- Exercise directions -
Retype the line with "J.Sarnicki i I.Fik w parku 19270" exactly. Then retype every line after it through the end of the entries below, and nothing more, leaving out pictures.

Image-caption web data:
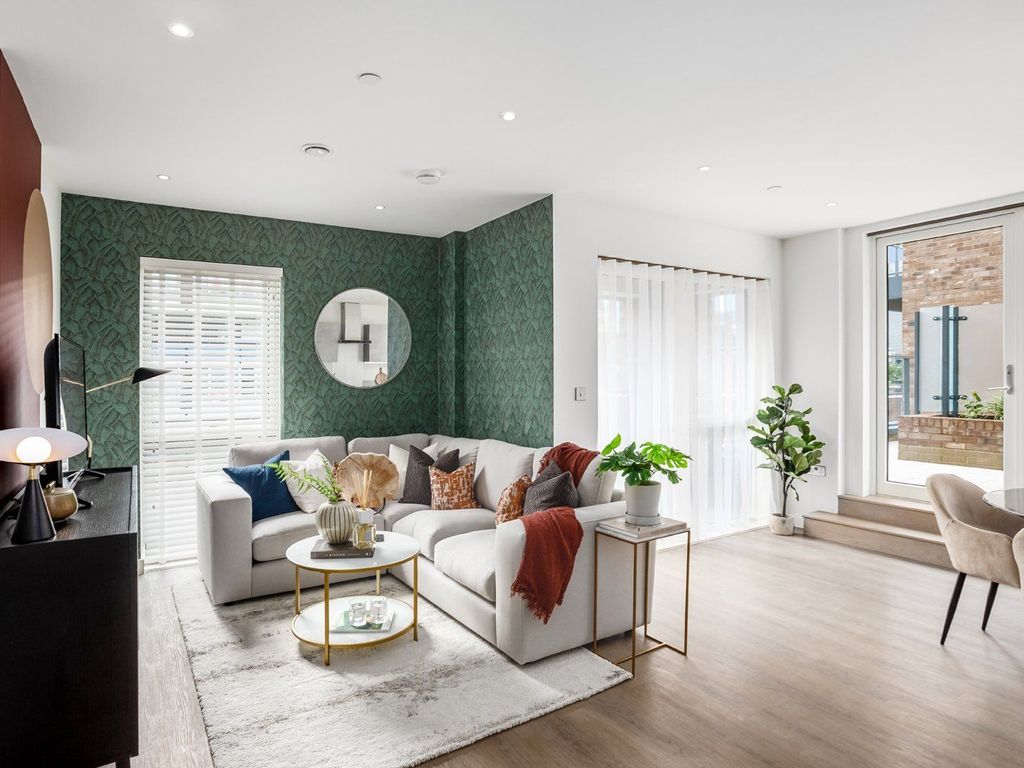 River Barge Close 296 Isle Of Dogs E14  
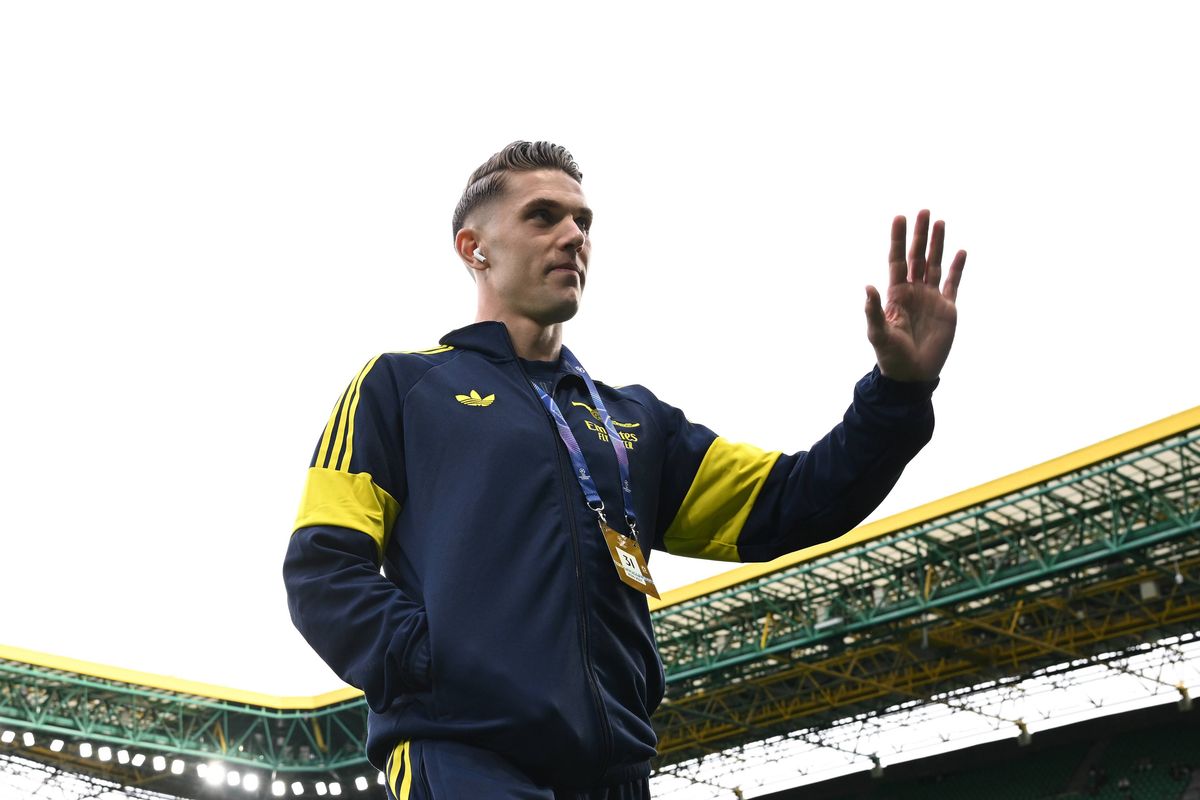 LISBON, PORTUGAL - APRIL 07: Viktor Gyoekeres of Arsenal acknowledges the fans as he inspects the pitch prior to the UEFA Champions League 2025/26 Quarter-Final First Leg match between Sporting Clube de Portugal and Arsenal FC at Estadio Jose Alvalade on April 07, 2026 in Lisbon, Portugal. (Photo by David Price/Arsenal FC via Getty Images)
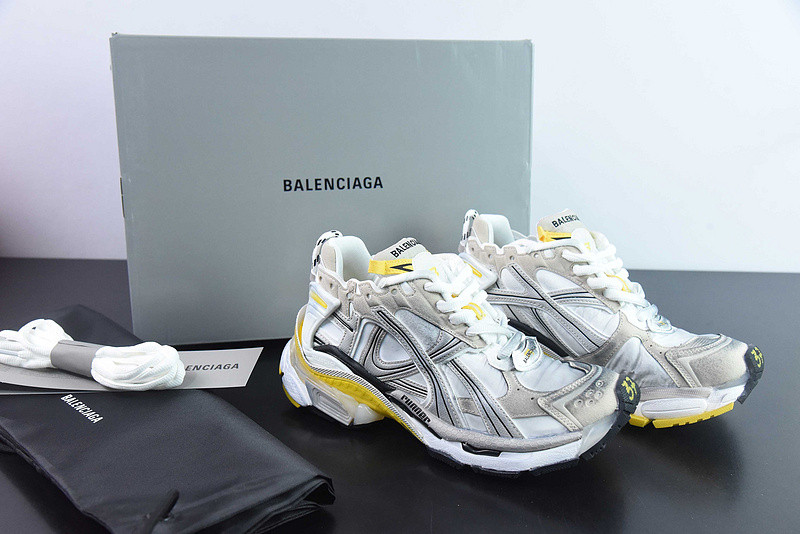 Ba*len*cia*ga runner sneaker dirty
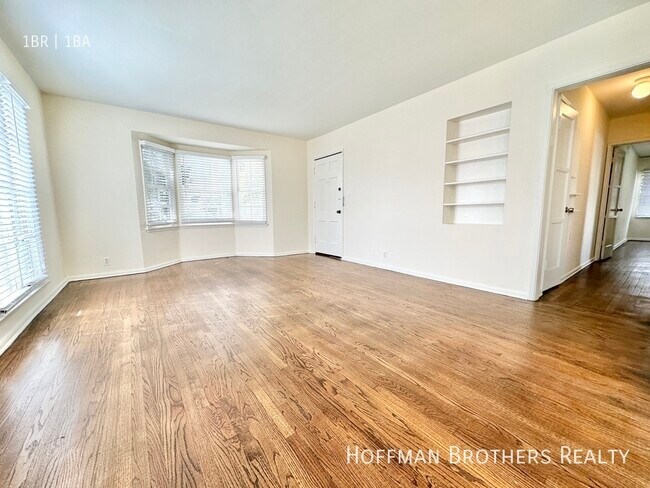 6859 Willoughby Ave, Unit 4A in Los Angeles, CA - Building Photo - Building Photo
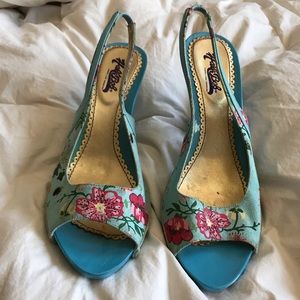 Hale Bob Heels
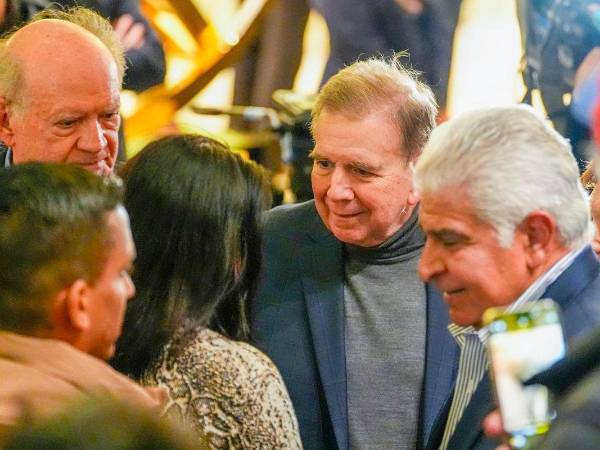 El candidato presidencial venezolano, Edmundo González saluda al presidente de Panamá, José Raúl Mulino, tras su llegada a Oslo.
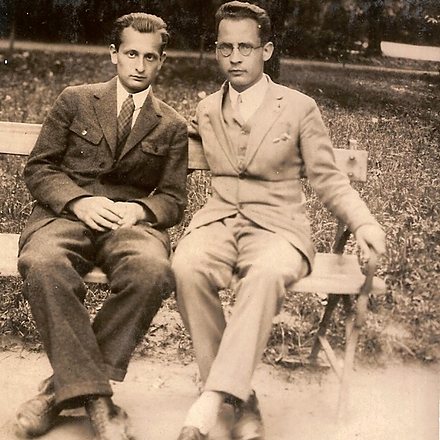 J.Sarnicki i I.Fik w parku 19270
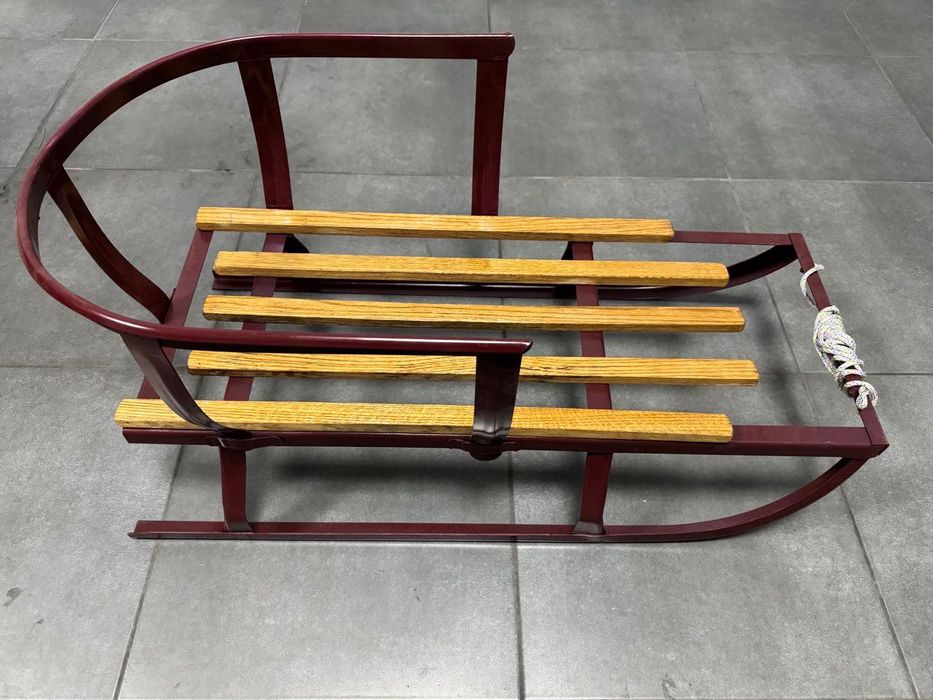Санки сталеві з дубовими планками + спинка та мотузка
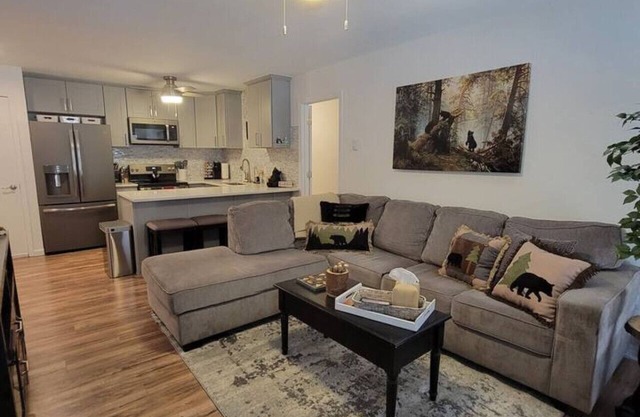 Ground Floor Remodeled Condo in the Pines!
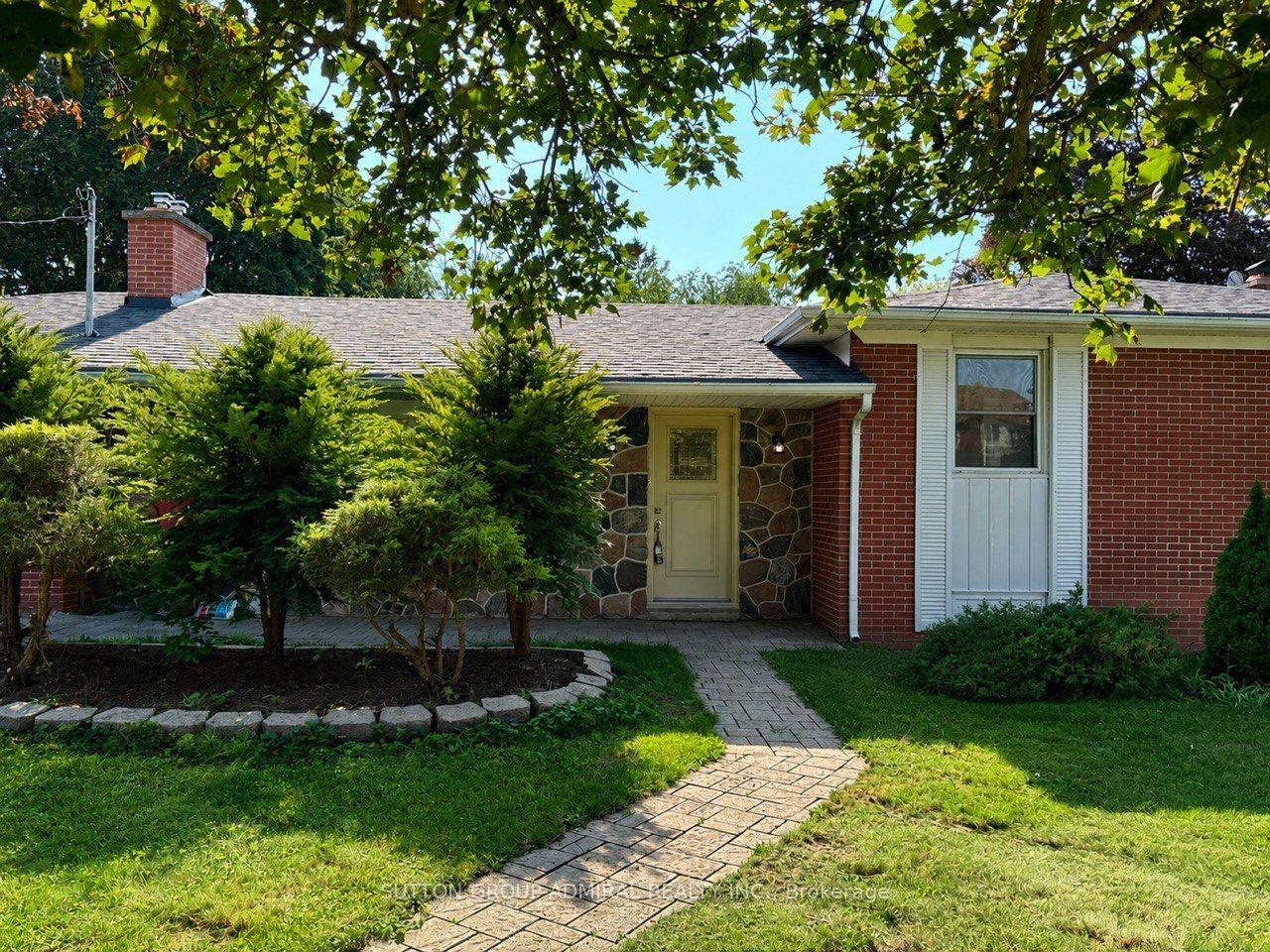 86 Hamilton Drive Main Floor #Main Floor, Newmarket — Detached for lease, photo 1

- Answer for this exercise -
 J.Sarnicki i I.Fik w parku 19270
Санки сталеві з дубовими планками + спинка та мотузка
 Ground Floor Remodeled Condo in the Pines!
 86 Hamilton Drive Main Floor #Main Floor, Newmarket — Detached for lease, photo 1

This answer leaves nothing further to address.